[WHAT NEEDS TO BE DONE]
The records below are to be reproduced exactly, with every picture left out.

[MATERIAL FOR THIS TASK]

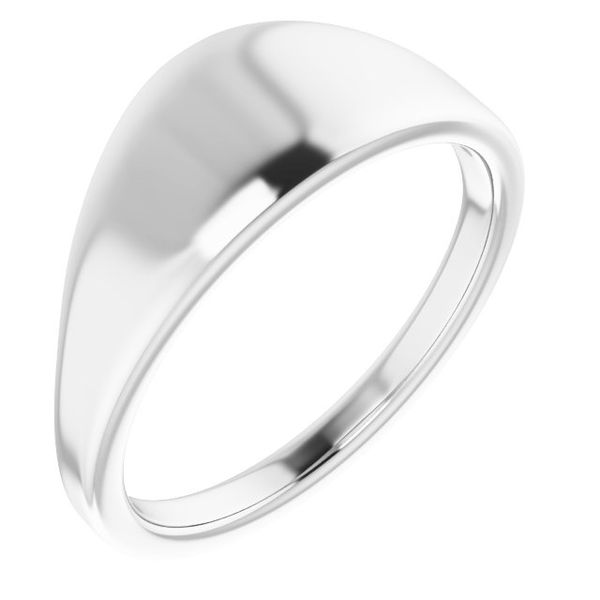 Geometric Signet Ring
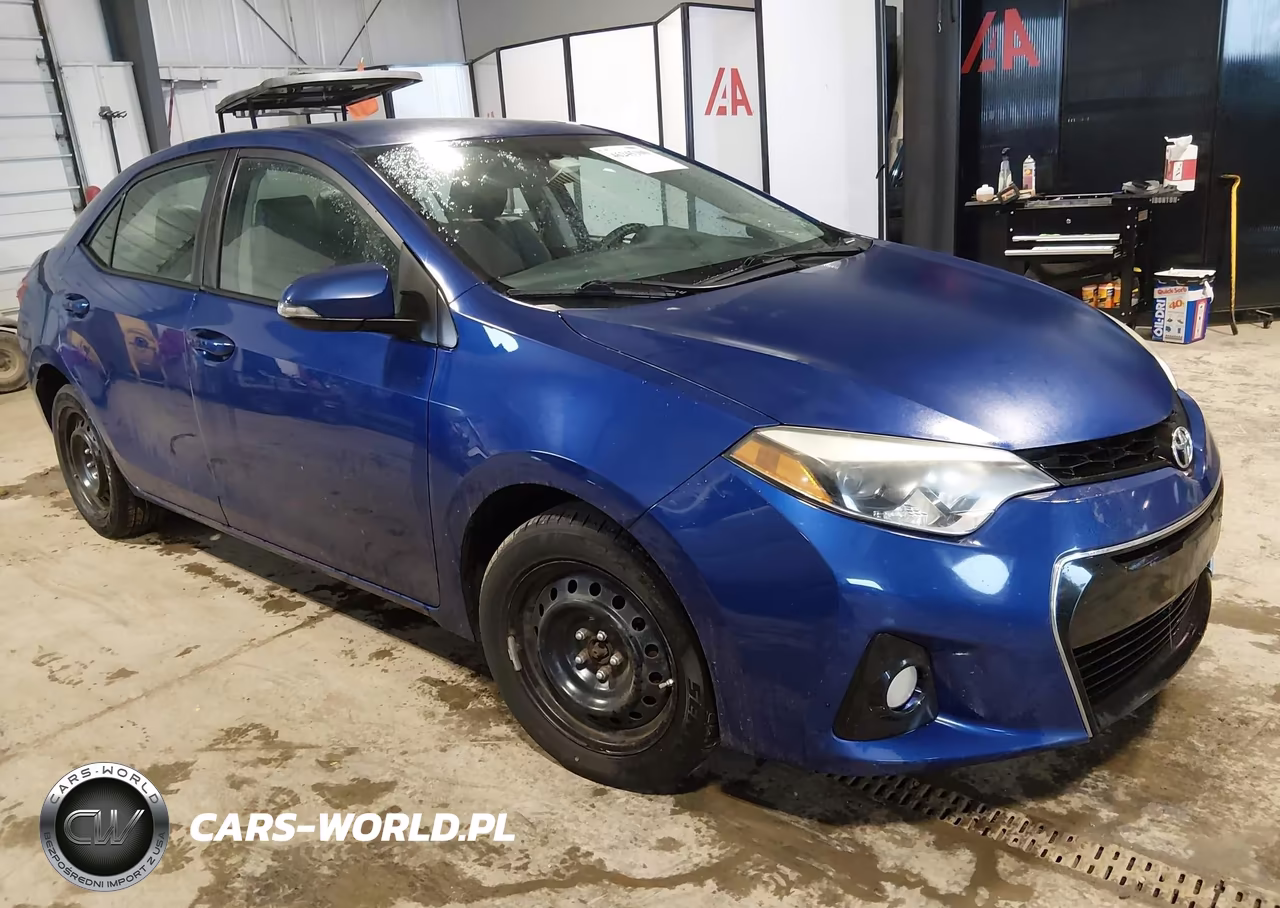 2014 Toyota Corolla S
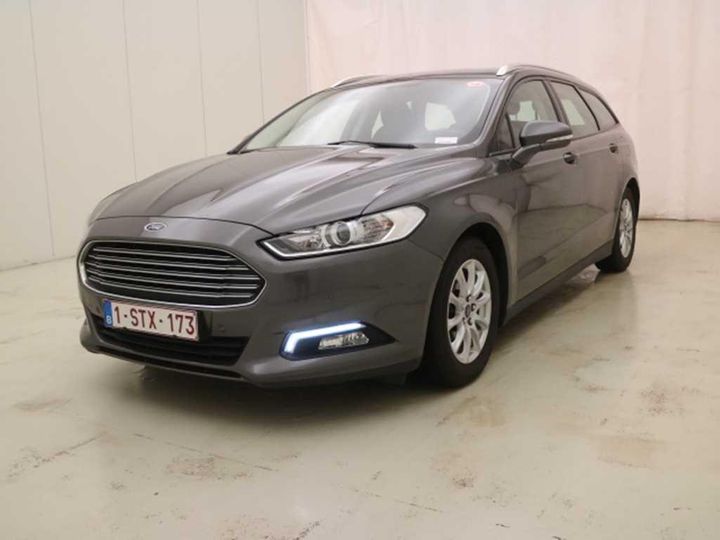 FORD MONDEO 2017 wf0fxxwpcfhr13490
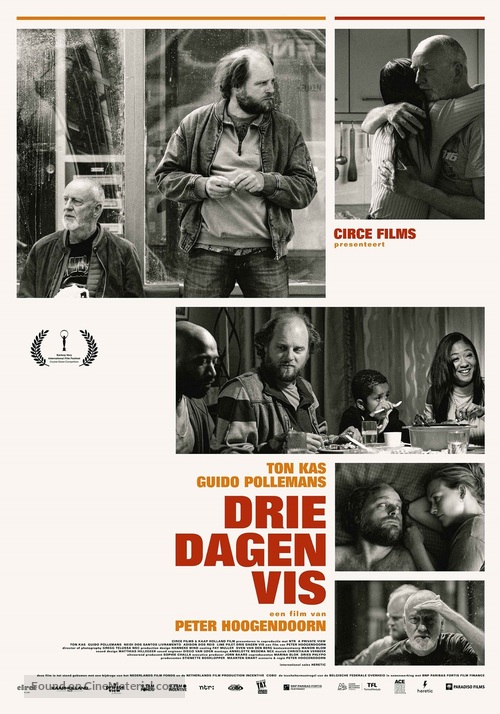 Three Days of Fish - Dutch Movie Poster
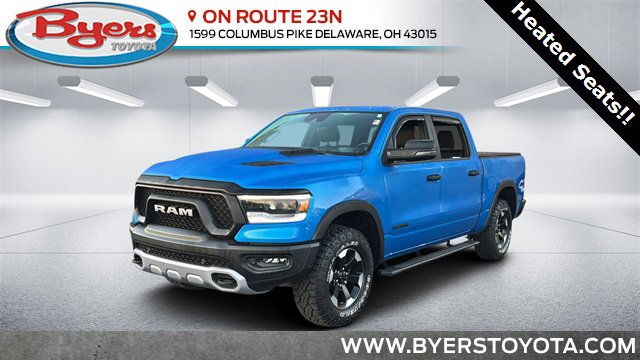 Used 2024 RAM 1500 Rebel w/ Rebel Level 2 Equipment Group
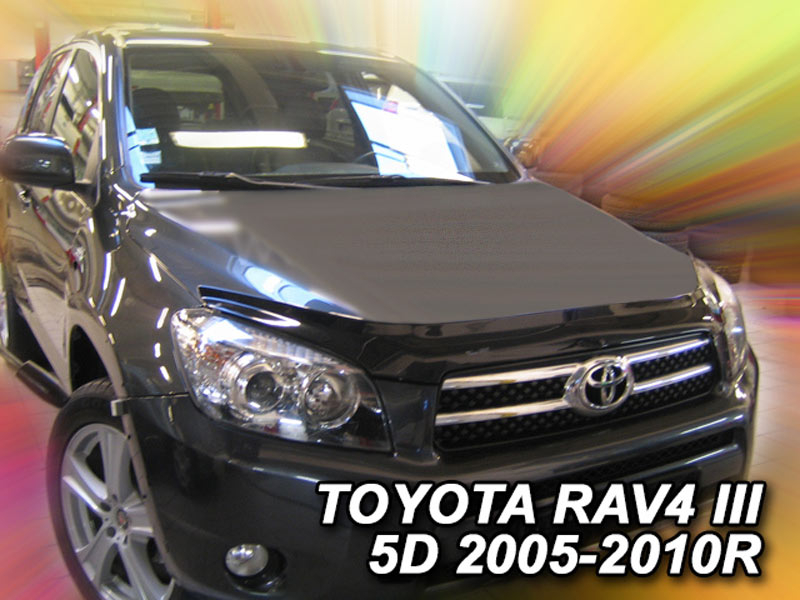 Дефлектор за предна хауба(хауба) за Toyota RAV4 2006-2009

[EXPECTED OUTPUT]
 Geometric Signet Ring
 2014 Toyota Corolla S
 FORD MONDEO 2017 wf0fxxwpcfhr13490
 Three Days of Fish - Dutch Movie Poster
 Used 2024 RAM 1500 Rebel w/ Rebel Level 2 Equipment Group
 Дефлектор за предна хауба(хауба) за Toyota RAV4 2006-2009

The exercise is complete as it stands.